Howard Kirk, Malcolm Bradbury’s History Man (Penguin Pounds 5.99) abused his academic freedom in order to gorge himself on both. He got away with it too. Professor Bradbury, himself a model of academic rectitude, sees the early appeal of the academic novel as lying in its ability to reflect the changing world of post war Britain. “The red brick university campus was a site of contemporary social and cultural transition, a world where culture is no longer taken for granted but struggled for and where rapid social transitions are taking place. Jim Dixon’s values were ordinary and provincial at a time when there was a marked movement away from metropolitan themes towards provincial subjects and a note of anti-Establishment protest.”

But the academic hero survived the era of the Angry Young Man in a way that the Angry Young Man himself did not. In the Wilson and Heath years he became the erudite observer of state-sponsored folly who can do little to influence events, but laments them like a middle-aged Thersites. Frederic Raphael never found himself a better spokesman than Gavin Pope in Glittering Prizes (out of print): “What sort of stuff are we actually going to put in the library? Summaries of summaries, epitomes of epitomes, the Modern Masters series of Modern Master, the Modern Mistresses series of Modern Mistresses and large quantities of the number you first thought of. In a word, baby-tins.”

By the Eighties when David Lodge is writing Nice Work (Penguin) and Andrew Davies A Very Peculiar Practice (Coronet) the academic hero had become an eloquent but ineffectual St George, blasted by the demands of the Thatcherite Dragon. The barbarian of business ethics is at the porter’s lodge and academics, such as Robyn Penrose and Stephen Daker, have no choice but to give in. But they do so with a wry and knowing smile.

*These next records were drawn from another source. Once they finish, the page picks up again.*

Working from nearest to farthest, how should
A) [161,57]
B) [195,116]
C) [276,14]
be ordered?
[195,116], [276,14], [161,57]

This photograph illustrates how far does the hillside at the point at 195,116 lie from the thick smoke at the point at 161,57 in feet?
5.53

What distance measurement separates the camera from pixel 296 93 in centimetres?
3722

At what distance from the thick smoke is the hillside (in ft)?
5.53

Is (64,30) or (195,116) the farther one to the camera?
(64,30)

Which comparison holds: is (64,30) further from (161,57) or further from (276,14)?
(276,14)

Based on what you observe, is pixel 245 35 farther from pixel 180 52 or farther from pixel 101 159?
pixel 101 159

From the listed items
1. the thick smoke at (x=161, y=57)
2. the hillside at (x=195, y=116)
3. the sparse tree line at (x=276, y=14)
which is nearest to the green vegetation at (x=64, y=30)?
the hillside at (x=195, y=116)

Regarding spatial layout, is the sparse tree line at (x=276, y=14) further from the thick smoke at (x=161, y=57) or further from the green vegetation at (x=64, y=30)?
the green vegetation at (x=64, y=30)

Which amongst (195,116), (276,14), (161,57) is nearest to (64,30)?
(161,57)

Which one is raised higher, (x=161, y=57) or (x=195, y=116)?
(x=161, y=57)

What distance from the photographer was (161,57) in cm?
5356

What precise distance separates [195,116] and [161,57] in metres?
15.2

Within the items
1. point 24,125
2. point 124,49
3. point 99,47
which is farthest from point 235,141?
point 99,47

However Andrew Davies sees the campus as offering novelists more than a mirror for society. “There is a tradition of university lecturers being picturesquely crazy which is an enormous help to any novelist who wants to spice up the narrative. There is only a certain amount of latitude when you write your policeman, dentist or TV producer. Use too much imagination and people will object that this character could never hold down the job.”

The university is also a world where a writer can justifiably sit four people down at a canteen table and draw legitimately on every character type. A poet can be elbow to elbow with an engineer, mathematical philosopher or orthopaedic surgeon.

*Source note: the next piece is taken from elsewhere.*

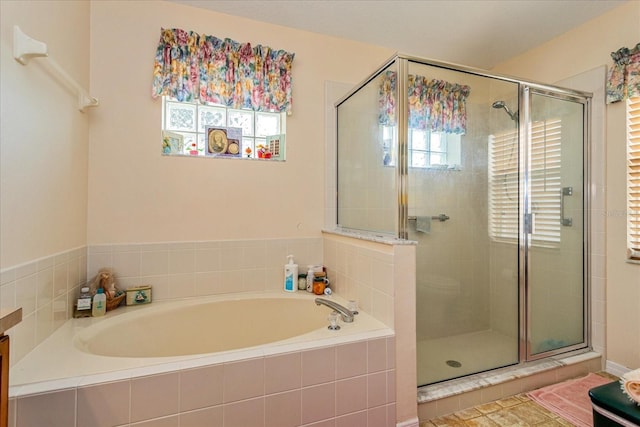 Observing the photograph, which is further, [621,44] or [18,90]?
[621,44]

Michael Frayn, whose Trick of It (Penguin) features an academic who actually marries his subject (the woman whose novels he teaches) believes that most novelists are fascinated by university lecturers. “Ninety seven per cent of novelists were once themselves students and therefore have a vague recollection of what academics are like and what they do, and believe they could have been academics themselves, if only they had not had better things to do than write weekly essays and pass exams.”

It is my theory that the academic hero is really what the author would ideally like to be. He has intellectual integrity (which we do not), he has security of tenure (which we do not), he is surrounded by youthful members of the opposite sex who find his work a turn on (which is not true in our case, but is certainly what we believe to be our due).

All this sex, security and integrity, as any university teacher will tell you, is nonsense. Most academics spend long hours marking, integrating teaching modules, strengthening links with industry and finessing their interdisciplinary throughput. But we novelists prefer to think differently. The sexy don has joined the knight, the detective and spy as literary hero.

Adrian Mourby’s first novel We Think the World of Him was published earlier this year by Sceptre. His second novel, about an academic, comes out next year.